Auch aus kurzer Distanz kann die Telebrennweite dafür sorgen, dass der Unschärfeeffekt noch extremer ausfällt Foto: Olympus
Kann man auch bei Gegenlicht Porträtaufnahmen erstellen?
Kreative Fotografen werden zudem die Einstellung „Gegenlicht hart“ interessant finden. Hierbei fotografieren Sie das Model wieder bewusst im Gegenlicht. Die Kamera hellt durch den Einsatz des Blitzes das Gesicht trotz Gegenlicht gleichmäßig auf. Das Motivprogramm erweist sich in der Praxis jedoch als etwas knifflig, da Sie ausprobieren müssen, wie weit das Model von der Kamera entfernt stehen sollte. Ist es zu nah, wird das Gesicht überbelichtet und zu hell dargestellt. Steht es zu weit entfernt, genügt die Reichweite des Blitzes nicht und das Gesicht ist zu dunkel. Deutlich simpler einzusetzen ist die Einstellung „Weicher Farbton“. Hier nimmt die Kamera typische Porträteinstellungen vor und bearbeitet das Ergebnis mit einer Tonwertkorrektur, die die Farben weich und warm erscheinen lassen. Das letzte angebotene Motivprogramm, das „Kindergesicht“, unterscheidet sich nur marginal vom „freigestellten Porträt“.

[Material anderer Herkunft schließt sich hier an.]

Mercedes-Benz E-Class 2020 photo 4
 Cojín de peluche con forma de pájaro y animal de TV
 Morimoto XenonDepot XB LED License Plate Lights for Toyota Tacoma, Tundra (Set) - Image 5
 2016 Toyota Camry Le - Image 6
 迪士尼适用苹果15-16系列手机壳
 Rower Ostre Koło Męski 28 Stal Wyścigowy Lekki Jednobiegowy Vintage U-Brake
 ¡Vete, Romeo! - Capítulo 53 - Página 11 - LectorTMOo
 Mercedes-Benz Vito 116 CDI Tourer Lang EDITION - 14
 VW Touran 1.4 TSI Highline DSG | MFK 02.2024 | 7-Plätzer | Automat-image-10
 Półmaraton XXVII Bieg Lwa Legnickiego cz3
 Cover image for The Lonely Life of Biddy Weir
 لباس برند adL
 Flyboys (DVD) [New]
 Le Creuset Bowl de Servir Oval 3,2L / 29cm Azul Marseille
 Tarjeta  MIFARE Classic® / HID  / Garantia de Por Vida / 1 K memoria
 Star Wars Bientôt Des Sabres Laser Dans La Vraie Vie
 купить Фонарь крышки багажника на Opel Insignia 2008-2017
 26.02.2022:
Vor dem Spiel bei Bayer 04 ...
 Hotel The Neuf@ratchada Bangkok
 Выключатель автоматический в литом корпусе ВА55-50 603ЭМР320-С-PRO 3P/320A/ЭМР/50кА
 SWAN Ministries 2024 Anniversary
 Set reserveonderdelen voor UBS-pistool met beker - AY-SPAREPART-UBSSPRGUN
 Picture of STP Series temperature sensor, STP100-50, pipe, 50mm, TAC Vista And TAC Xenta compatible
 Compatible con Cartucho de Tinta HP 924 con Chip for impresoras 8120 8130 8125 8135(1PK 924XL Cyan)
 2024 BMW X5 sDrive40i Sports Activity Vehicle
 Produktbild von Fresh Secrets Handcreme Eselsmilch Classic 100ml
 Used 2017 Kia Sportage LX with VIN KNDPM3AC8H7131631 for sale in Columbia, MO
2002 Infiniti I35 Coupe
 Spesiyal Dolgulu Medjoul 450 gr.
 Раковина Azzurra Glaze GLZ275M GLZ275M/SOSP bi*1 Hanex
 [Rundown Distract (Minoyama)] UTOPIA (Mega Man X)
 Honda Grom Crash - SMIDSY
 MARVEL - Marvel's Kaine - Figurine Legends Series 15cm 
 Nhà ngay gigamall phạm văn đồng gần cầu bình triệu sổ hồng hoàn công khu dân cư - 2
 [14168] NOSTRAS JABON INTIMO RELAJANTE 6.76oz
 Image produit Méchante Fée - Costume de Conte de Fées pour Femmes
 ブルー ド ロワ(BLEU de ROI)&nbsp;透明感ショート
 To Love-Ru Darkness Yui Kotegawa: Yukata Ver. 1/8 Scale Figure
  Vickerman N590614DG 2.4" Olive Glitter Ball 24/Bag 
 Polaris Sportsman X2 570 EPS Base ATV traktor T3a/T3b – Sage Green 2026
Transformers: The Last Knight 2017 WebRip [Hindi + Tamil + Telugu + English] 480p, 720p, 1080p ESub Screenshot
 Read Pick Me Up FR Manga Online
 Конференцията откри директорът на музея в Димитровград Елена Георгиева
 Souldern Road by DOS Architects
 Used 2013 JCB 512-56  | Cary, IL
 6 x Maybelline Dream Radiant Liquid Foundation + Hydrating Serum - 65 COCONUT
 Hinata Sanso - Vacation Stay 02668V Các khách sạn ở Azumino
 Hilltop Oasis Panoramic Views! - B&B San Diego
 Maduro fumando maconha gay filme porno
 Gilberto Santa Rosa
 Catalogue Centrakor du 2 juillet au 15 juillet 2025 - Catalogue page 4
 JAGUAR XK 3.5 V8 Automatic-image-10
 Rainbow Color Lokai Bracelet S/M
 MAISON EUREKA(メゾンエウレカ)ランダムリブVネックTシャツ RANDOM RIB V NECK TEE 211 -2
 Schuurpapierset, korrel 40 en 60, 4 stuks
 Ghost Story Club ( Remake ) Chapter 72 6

Was bedeutet „Smart Photo Selector“?
Interessant für Porträts sind auch die Funktionen der diversen Nikon 1 – Modelle. Diese bringen nämlich den „Smart Photo Selector“ mit. Dieser hat zwar im eigentlichen Sinne nicht direkt etwas mit Porträtaufnahmen zu tun, kann dabei aber sehr nützlich sein. Hierbei nimmt die Kamera beim Auslösen bis zu 60 Bilder hintereinander automatisch auf und wählt dabei die fünf besten aus, zwischen denen Sie sich entscheiden können. Das ist sehr hilfreich, wenn das Model nicht nur unbeweglich vor der Kamera steht, sondern permanent posiert. Durch diese schnelle Serienbildfunktion bekommen Sie die schönsten Aufnahmen komfortabel auf dem Silbertablett serviert!

Je weiter entfernt der Hinter- zum Vordergrund bei kleinem Blendenwert ist, desto unschärfer wird er abgebildet
Kann man auch mit der Vollautomatik Porträts aufnehmen?
Bei vielen Systemkameras wie den Lumix-Modellen oder den Smart Cameras von Samsung müssen Sie, bevor Sie ein Porträt aufnehmen wollen, nicht zwangsläufig auch das passende Motivprogramm einstellen. Die so genannte „Intelligente Automatik“ analysiert jedes Motiv, das Sie anvisieren und wechselt automatisch zum passenden Motivprogramm. Wird zum Beispiel ein Gesicht erkannt, das in die Kamera lächelt, wechselt die Kamera in den Modus Porträt und sorgt für die nötigen Einstellungen.